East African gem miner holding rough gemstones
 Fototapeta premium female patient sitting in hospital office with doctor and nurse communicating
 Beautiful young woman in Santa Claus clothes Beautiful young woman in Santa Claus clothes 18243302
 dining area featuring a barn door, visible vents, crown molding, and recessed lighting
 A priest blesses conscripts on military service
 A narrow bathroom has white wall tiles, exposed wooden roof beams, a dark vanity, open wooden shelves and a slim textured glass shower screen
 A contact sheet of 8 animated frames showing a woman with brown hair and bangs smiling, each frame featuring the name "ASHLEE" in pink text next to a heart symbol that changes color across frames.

========================================================================

## TO DO
Keep only the lines from the line with "A priest blesses" to the end of the records above, and repeat them exactly.

## TASK OUTPUT
 A priest blesses conscripts on military service
 A narrow bathroom has white wall tiles, exposed wooden roof beams, a dark vanity, open wooden shelves and a slim textured glass shower screen
 A contact sheet of 8 animated frames showing a woman with brown hair and bangs smiling, each frame featuring the name "ASHLEE" in pink text next to a heart symbol that changes color across frames.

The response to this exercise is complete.